→ SOURCE DATA
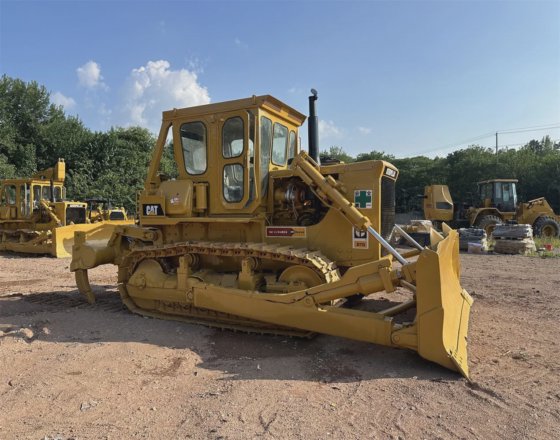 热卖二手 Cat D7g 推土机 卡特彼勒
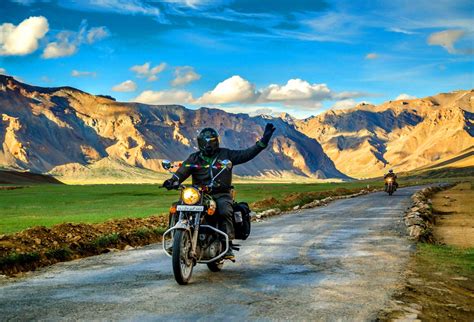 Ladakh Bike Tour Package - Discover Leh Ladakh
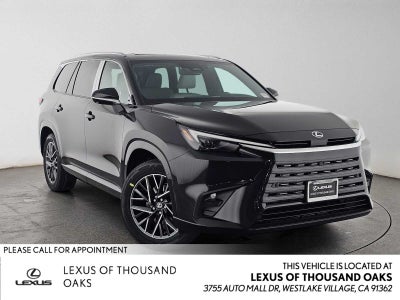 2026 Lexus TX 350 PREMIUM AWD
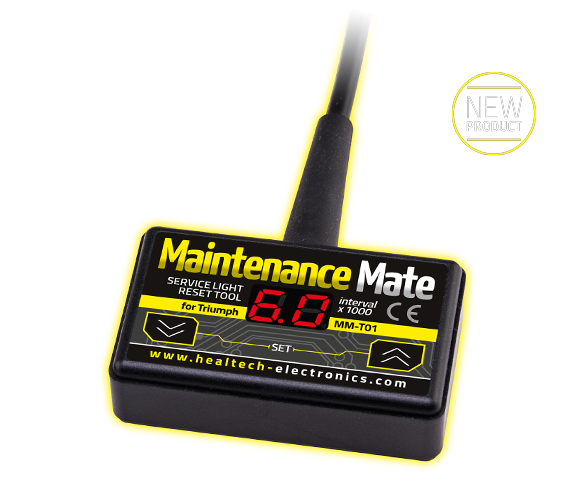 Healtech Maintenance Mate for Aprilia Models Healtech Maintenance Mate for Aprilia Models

→ TASK
Pictures excluded, output exactly the line that contains "2026 Lexus TX 350 PREMIUM AWD" and every line after it to the end of the data above.

→ WRITTEN RESPONSE
 2026 Lexus TX 350 PREMIUM AWD
 Healtech Maintenance Mate for Aprilia Models Healtech Maintenance Mate for Aprilia Models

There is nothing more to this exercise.